|
[Date Prev][Date Next][Thread Prev][Thread Next][Date Index][Thread Index] Re: [RFC] xen/arm64: livepatch: enable attaching callbacks
Hi Andrew and Roger,
(I'm still looking into the feedback from
Roger but will reply shortly, thanks!)
On Mon, 29 Jun 2026 17:33:40 +0100, Andrew Cooper wrote:
>On 29/06/2026 3:01 am, Ryo Takakura wrote:
>> Linux ftrace allows registering callbacks which is useful
>> for debugging and tracing events. On Linux, it is done by
>> reserving function entry points at compile time which can
>> later be patched to branch to a trampoline.
>>
>> This patch implements similar callback feature, but with
>> different approach using existing livepatch infrastructure.

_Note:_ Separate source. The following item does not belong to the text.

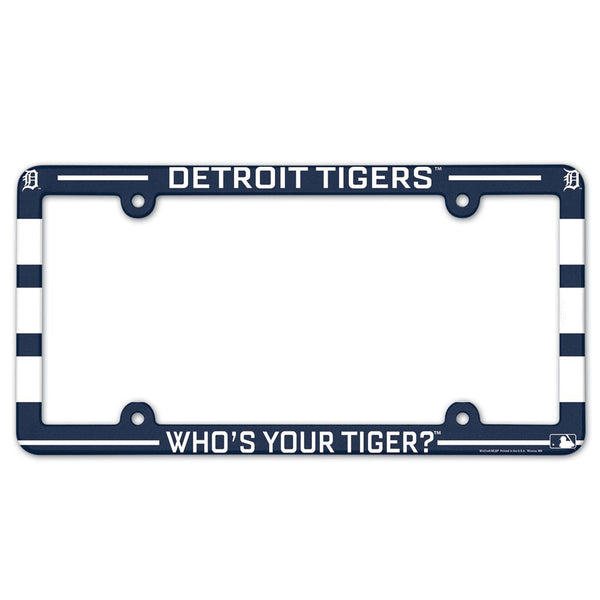 Detroit Tigers SLOGAN Lic Plate Frame Full Color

>> Instead of reserving function entry points at compile time,
>> the traced function will be livepatched so that it branches
>> to the trampoline.
>>
>> The role of the trampoline(illustrated below) is to preserve
>> the context while jumping to the tracer function, and return
>> back to the traced function with its context restored.
>>
>> trampoline:
>> Save regs
>> Call tracer function
>> Restore regs
>> old_addr
>> return old_addr + 4
>>
>> One can request the feature by setting @trampoline_buf to 1
>> which will allocate a buffer for trampoline.
>>
>> Signed-off-by: Ryo Takakura <takakura@xxxxxxxxxxxxx>
>
>Having something a bit more like Linux tracing would be nice. But, this
>is very different to the other livepatching functionality and a few bits
>don't match nicely.
>
>First, you write a lot of the trampoline manually. You can do most of
>this in the target function with
>__attribute__((no_caller_saved_registers)), avoiding the need to do it
>by hand. This would require a minimum GCC of 7 (where our baseline is
>5) but it's acceptable for new features to require a newer compiler.
I wasn't aware of the attribute. I agree using it for the sake of
avoiding manual save/restore. I'll look into using it.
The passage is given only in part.